The Conversation That Shaped the Grant Before We Wrote a Word
My client INCIGHT won a grant from the Oregon Community Foundation, securing the maximum award amount of $40,000. INCIGHT has spent 20 years helping people experiencing disabilities unlock their fullest potential.
I want to tell you how it started, because it did not start with the application.
Oregon Community Foundation had an open call, and as part of their process, program officers were available to meet with anyone in the community who wanted a conversation before submitting.
We took the meeting.
Before we sat down with Coua, INCIGHT’s executive director Scott and I spent time in our weekly check-in preparing. We went over what we wanted the funder to understand, what questions we had, and what we hoped to walk away knowing.
What Coua gave us in that conversation was something no application portal could have provided. She dived deeper into how OCF was thinking about the work.
Things like:
Show how the community shapes your decisions and your leadership, not just your programs, and back it with concrete numbers.
Demonstrate that you have the specific capacity to respond to specific community needs.
Be precise about geography and partnerships, because vague claims of statewide reach tell a funder very little.
What Coua shared gave us a clear picture of how the foundation would likely view INCIGHT’s work, and her guidance became the backbone of our application.
A few months after submitting, OCF’s decision came in. INCIGHT was awarded $40,000, the maximum amount available.

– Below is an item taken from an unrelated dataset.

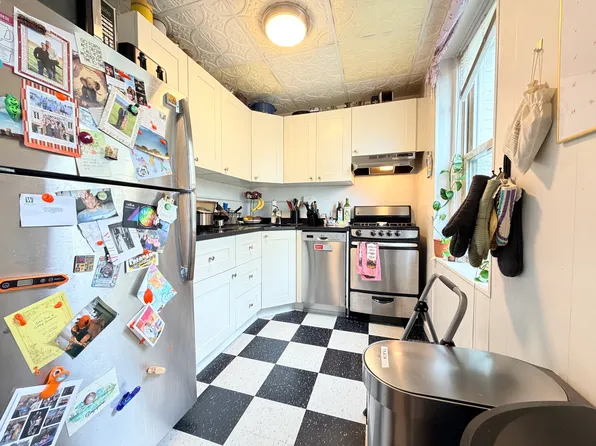 264 Kelton St APT 10A, Allston, MA 02134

Here is what I want funders to sit with.
Coua did not give us an advantage. She made herself available to everyone. What she gave the entire applicant pool was the opportunity to understand what the foundation needed, in plain language, before anyone wrote a single word.
That is a different kind of grantmaking than posting guidelines on a website and waiting for submissions to arrive.
Many foundations do not do this.
Many program officers are managing too many applications and competing deadlines to open that door, even for conversations where the honest conclusion is that a nonprofit should not apply.
You do not need a new process or a larger team to start. You need someone with 30 minutes and the willingness to have a real conversation about what you are looking for.
The organizations that are serious about the work will find that meeting. And what they bring back to the application will show you who they are.